Get different results for every running with atomicAdd()

Hi,

We used CUDA function atomicADD() to implement dense matrix multiplication Y(N) = A(N*M) * X(M)

    int n = threadIdx.x + blockDim.x*blockIdx.x;
    int m = threadIdx.y + blockDim.y*blockIdx.y;
    float tmp = 0.0;
    if (n < N && m < M)
    {
        tmp = X[m] * A[n * M + m];
        atomicAdd(&Y[n], tmp);
    }
    __syncthreads();

The kernel is called from

   dim3 blockSize(BLOCK_SIZE, BLOCK_SIZE);
    dim3 blockNum(N/BLOCK_SIZE+1,  M/BLOCK_SIZE+1);
   kernel<<<blockNum, blockSize>>>(X, Y, A, M, N);

We got different results for every run with this kernel.

Naturally the random issue can be related to our code such as cumulative floating point arithmetic error. However, there is not the issue if the kernel is replaced with cublas , or the other implementation,

    int n = threadIdx.x + blockIdx.x * blockDim.x;
    float tmp = 0.;
    if(n < N){
        for(int m = 0; m < M; m++)
            tmp += X[m] * A[n * M + m];
        Y[n] += tmp;
    }
    __syncthreads();

we always get exact same results for all runs.

Did we do anything wrong with atomicAdd() ? Any comments for using the function atomicAdd ?

Thanks. /Jing

The order of operations in the atomicAdd example:

  1. Is not guaranteed to be the same compared to the non-atomic example
  2. Is not guaranteed to be the same run-to-run.

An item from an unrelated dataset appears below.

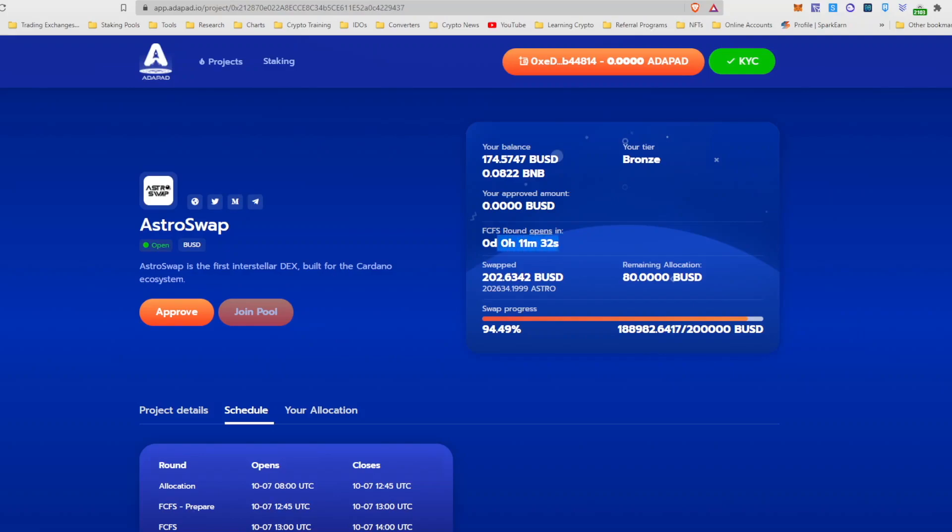So we have at this time about 11 minutes 30 seconds left. You can see there's a new remaining allocation for me that appeared, so I can now try and get an additional $80 to this first-come-first-serve round.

Therefore, it is possible that the atomic example could vary, run-to-run. When multiple threads attempt to do an atomic operation on a particular location, the order of atomic process is undefined.

The reason why ordering can matter is covered here.

Therefore, it is possible that the atomic example could vary, run-to-run.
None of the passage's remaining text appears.